::: DATA TO PROCESS :::

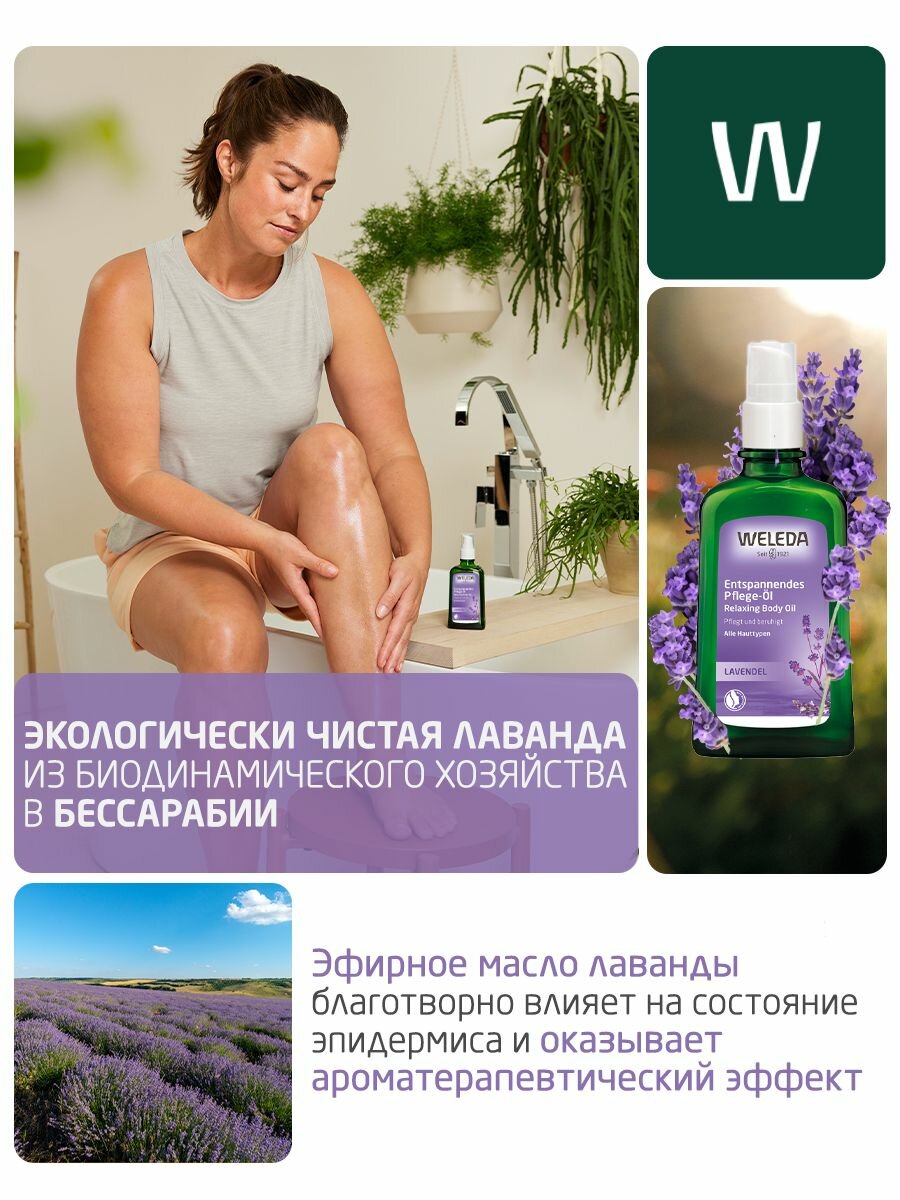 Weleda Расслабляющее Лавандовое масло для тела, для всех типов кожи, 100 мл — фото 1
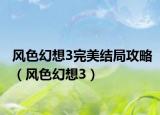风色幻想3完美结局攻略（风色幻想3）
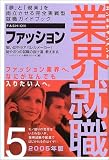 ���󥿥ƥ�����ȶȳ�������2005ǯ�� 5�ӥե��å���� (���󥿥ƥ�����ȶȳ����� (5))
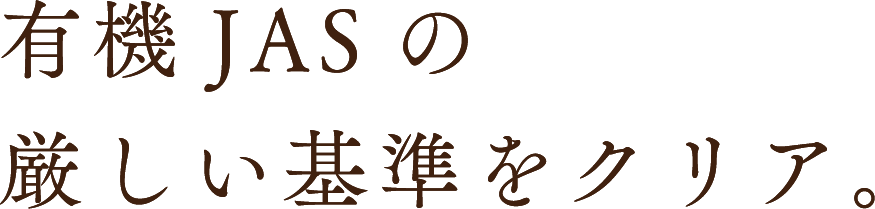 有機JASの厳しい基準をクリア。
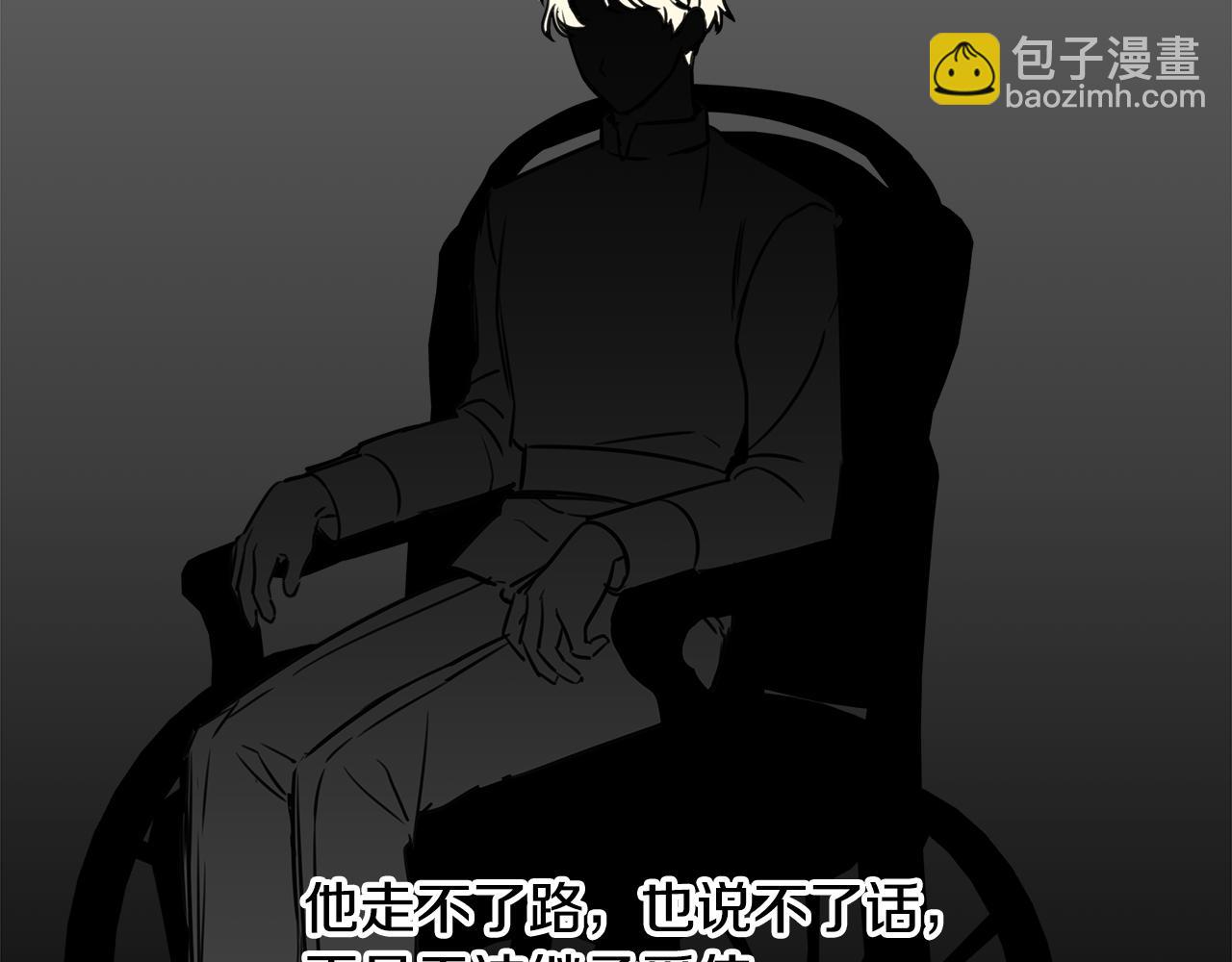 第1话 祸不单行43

:::

**GOAL OF THE EXERCISE**
The answer must restate every entry word for word, with the pictures left out.

**RESULT FOR THIS EXERCISE**
 Weleda Расслабляющее Лавандовое масло для тела, для всех типов кожи, 100 мл — фото 1
风色幻想3完美结局攻略（风色幻想3）
 ���󥿥ƥ�����ȶȳ�������2005ǯ�� 5�ӥե��å���� (���󥿥ƥ�����ȶȳ����� (5))
 有機JASの厳しい基準をクリア。
 第1话 祸不单行43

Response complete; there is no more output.